Meng-tseu. En hiver je bois de l'eau tiède, en été de l'eau fraîche; direz-vous que mon goût pour tel ou tel mets, pour tel ou tel breuvage, est extérieur?

Kong-tou-tseu interrogea Meng-tseu, et lui dit : Kao-tseu soutient que l'homme naît sans vice ni vertu ; d'autres que la force de l'éducation le rend vicieux ou vertueux. C'est pourquoi sous les règnes heureux de Wen-wang et de Wou-wang, le peuple embrassa la justice; sous la tyrannie de Li-wang et de Yeouwang, le peuple se précipita dans le vice. D'autres enfin prétendent que parmi les hommes, les uns naissent nécessairement bons, les autres nécessairement mauvais; ainsi le vertueux Yao ne peut corriger son frère Siang; le cruel Kou-seou ne peut pervertir son fils Cheun.
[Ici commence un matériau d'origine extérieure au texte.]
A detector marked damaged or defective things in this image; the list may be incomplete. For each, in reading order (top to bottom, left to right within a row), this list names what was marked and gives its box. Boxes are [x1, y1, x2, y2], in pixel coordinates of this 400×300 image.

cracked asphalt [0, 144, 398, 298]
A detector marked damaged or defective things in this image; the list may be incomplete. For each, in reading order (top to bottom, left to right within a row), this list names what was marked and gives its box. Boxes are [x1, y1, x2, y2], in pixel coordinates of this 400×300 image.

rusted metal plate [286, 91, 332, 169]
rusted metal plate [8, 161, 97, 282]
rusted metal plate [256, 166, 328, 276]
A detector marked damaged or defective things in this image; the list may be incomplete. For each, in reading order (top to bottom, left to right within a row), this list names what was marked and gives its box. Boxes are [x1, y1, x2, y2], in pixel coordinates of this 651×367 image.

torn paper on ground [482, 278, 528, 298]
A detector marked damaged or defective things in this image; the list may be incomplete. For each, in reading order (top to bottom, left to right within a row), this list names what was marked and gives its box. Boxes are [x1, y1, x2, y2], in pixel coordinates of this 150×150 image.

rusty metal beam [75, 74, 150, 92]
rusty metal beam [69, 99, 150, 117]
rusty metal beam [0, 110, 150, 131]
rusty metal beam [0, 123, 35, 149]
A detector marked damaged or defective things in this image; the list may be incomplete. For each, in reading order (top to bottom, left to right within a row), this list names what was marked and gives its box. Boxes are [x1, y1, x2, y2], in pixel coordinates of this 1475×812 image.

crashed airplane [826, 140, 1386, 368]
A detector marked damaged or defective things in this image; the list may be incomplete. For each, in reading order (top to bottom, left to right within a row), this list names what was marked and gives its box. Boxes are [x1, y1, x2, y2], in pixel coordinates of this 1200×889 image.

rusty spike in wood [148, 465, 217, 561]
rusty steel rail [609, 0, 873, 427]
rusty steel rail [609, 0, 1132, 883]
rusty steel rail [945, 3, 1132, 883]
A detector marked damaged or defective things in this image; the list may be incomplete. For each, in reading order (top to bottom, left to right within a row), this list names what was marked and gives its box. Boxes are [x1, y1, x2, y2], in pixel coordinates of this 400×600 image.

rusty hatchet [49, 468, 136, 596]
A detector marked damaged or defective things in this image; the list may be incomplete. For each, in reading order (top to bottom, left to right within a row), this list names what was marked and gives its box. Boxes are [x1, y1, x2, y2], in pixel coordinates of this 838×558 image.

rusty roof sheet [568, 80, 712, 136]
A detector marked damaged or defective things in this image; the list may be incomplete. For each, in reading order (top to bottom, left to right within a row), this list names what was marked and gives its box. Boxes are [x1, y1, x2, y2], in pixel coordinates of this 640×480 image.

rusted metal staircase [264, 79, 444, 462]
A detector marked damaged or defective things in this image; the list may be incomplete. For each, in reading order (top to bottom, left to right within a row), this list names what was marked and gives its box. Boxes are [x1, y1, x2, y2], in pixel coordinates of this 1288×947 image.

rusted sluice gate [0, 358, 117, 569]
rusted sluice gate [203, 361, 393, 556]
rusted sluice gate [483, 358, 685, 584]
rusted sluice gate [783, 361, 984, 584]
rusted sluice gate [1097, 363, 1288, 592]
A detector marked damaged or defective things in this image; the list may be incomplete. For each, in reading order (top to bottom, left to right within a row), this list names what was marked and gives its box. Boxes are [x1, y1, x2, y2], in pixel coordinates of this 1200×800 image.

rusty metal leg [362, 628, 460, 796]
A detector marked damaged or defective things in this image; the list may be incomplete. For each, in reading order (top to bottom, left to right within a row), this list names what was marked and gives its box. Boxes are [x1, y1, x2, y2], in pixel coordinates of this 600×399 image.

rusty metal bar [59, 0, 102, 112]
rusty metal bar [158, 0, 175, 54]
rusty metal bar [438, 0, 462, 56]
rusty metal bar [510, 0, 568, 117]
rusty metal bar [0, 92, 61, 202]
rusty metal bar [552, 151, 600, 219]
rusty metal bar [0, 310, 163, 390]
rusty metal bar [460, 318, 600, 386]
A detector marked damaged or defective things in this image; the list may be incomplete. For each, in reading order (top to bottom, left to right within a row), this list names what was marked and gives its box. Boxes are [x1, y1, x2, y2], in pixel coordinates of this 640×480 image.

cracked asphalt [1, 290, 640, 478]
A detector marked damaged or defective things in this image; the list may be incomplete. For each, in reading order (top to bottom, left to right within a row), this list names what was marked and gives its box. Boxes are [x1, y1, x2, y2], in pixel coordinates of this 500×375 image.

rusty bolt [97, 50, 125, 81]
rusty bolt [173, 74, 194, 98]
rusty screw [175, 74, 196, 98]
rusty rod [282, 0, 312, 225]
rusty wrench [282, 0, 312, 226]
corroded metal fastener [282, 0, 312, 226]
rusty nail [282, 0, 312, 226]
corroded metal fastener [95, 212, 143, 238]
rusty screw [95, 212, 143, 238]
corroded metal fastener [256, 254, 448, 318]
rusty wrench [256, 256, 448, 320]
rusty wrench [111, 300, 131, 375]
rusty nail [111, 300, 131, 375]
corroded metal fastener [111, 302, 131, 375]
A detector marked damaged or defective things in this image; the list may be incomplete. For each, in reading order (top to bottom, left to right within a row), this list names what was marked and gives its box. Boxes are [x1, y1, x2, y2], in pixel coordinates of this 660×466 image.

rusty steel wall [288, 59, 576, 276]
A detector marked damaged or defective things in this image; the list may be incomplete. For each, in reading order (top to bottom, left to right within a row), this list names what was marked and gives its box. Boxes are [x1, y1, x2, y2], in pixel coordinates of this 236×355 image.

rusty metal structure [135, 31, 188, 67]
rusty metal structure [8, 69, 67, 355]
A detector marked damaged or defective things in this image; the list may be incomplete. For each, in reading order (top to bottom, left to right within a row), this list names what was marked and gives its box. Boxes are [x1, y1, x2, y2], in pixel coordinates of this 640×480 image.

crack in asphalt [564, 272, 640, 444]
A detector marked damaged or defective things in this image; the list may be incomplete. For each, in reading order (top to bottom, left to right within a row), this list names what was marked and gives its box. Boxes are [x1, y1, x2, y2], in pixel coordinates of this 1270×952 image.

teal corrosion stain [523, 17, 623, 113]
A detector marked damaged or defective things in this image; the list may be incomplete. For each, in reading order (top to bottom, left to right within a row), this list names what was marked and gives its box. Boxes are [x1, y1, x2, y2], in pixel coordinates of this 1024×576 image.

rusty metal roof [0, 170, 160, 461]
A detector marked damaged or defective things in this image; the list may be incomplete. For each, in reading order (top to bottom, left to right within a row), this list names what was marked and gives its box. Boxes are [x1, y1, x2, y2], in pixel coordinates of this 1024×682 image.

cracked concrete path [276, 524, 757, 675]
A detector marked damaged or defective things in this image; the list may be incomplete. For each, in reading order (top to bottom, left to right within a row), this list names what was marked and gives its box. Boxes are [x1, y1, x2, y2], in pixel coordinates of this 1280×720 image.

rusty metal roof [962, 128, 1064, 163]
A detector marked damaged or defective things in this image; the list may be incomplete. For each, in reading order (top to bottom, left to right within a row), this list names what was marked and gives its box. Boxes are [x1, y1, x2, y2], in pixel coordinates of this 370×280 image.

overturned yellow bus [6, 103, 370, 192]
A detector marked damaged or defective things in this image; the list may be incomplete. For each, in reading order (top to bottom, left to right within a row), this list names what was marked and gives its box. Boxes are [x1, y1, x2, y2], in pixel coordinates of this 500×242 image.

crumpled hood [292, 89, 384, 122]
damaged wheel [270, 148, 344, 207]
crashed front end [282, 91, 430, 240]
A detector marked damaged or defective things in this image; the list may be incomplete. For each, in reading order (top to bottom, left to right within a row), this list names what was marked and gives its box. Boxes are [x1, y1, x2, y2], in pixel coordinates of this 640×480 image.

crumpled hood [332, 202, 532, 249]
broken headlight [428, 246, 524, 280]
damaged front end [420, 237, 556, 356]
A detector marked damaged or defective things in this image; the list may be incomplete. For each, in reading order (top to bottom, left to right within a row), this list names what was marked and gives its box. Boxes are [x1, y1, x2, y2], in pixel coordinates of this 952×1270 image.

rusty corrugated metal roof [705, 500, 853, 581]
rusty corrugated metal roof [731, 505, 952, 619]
Tcheou avait sur ses oncles Wei-tseu-ky et Pi-kan, toute la supériorité d'un prince, et cependant son funeste exemple n'altéra nullement l'éclat de leur sagesse.Maintenant vous dites que la nature. de l'homme est essentiellement bonne; tous les autres philosophes sont donc dans l'erreur?

Meng-tseu. -Si l'homme suit les vrais penchans de son cœur, il peut, sans effort, pratiquer la vertu ; c'est pourquoi je disais que sa nature est essentiellement bonne; mais s'il se laisse aller au mal, devonsnous accuser ses dispositions naturelles?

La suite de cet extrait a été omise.